Pub/Sub is a global managed service that runs in all Google Cloud regions. Pub/Sub topics are global, meaning that they are visible and accessible from any Google Cloud location. However, any given message is stored in a single Google Cloud region that is closest to the publisher and allowed by the resource location policy. Thus, a topic can have messages stored in different regions throughout Google Cloud. Pub/Sub is resistant to zonal outages. During a regional outage, messages stored in that particular region might be inaccessible until service is restored. Depending on your availability requirements, you can use regional service endpoints to implement a failover policy if a regional outage occurs.

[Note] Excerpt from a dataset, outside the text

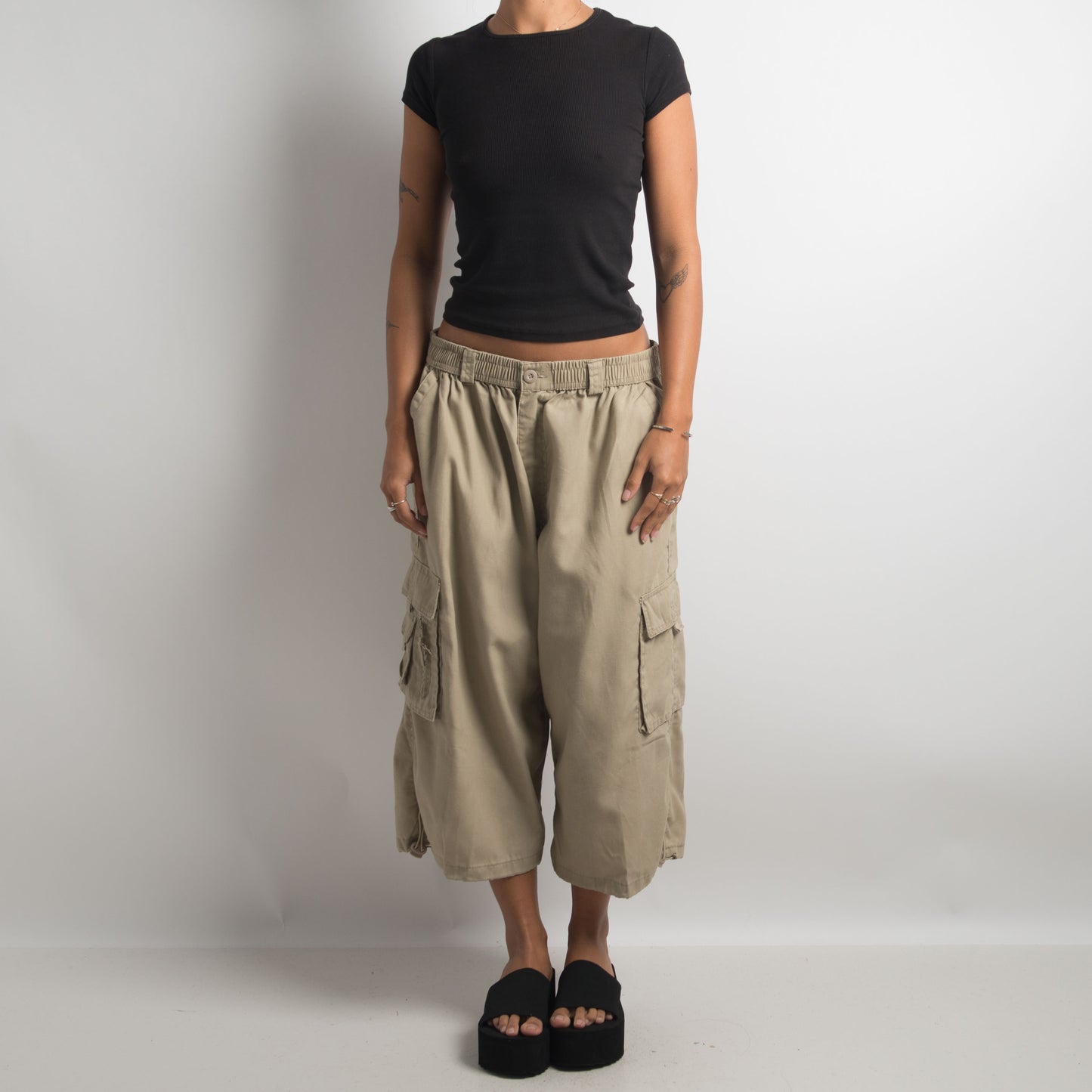 OVERSIZED UTILITY PANTS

Security and authentication

Apache Kafka supports multiple authentication mechanisms including client certificates-based authentication, Kerberos, LDAP, and username and password. For authorization, Kafka supports using access control lists (ACLs) to determine which producers and consumers have access to which topics.

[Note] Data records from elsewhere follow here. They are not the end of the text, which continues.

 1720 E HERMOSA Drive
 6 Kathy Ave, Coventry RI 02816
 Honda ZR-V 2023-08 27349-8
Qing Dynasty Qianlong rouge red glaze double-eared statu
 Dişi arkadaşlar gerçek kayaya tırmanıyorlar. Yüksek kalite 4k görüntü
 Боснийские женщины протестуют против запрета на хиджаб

Pub/Sub supports authentication for Google Cloud user accounts and service accounts. Granular access control to Pub/Sub topics and subscriptions is governed by Identify and Access Management (IAM) in Google Cloud. Pub/Sub operations are rate limited when using user accounts. If you need to make high volume transactions, you can use service accounts to interact with Pub/Sub.

Planning your migration to Pub/Sub

Any migration to Google Cloud begins with assessing your workloads and building your foundation.

Phased migration using the Pub/Sub Kafka Connector

The Pub/Sub Kafka connector lets you migrate your Kafka infrastructure to Pub/Sub in phases.

You can configure the Pub/Sub connector to forward all messages on specific topics from Kafka to Pub/Sub. Then, you can update individual subscriber applications to receive messages on those topics from Pub/Sub, while your publisher applications continue to publish messages to Kafka. This phased approach lets you update, test, and monitor subscriber applications in an iterative way that minimizes risk of error and downtime.

This section includes two diagrams that can help you visualize this process in two distinct phases. The following diagram shows the configuration during the migration phase:

Stage one of migration.

In the preceding diagram, current subscribers continue to receive messages from Kafka, and you update the subscribers one by one to receive messages from Pub/Sub instead.

After all subscribers to a particular topic have been updated to receive messages from Pub/Sub, you can then update the publisher applications for that topic to publish messages to Pub/Sub. Then, you can test and monitor the message flows end-to-end in order to verify the setup.

The following diagram shows the configuration after all subscribers are receiving messages from Pub/Sub:

Stage two of migration.

Over time, all your publishers are updated to publish directly to Pub/Sub, and then your migration is complete. Many teams use this approach to update their applications in parallel. Kafka can coexist alongside Pub/Sub for as long as needed in order to ensure a successful migration.

Monitoring Pub/Sub

During and after your migration from Kafka to Pub/Sub, it's important to monitor your applications. Pub/Sub exports metrics by using Cloud Monitoring, which can help provide visibility into the performance, uptime, and overall health of your applications. For example, you can ensure that your subscribers are keeping up with the flow of messages by monitoring the number of undelivered messages. To monitor undelivered messages, you create alerts when the timestamp of the oldest unacknowledged message extends beyond a certain threshold. You can also monitor the health of the Pub/Sub service itself by monitoring the send request count metric and examining the response codes.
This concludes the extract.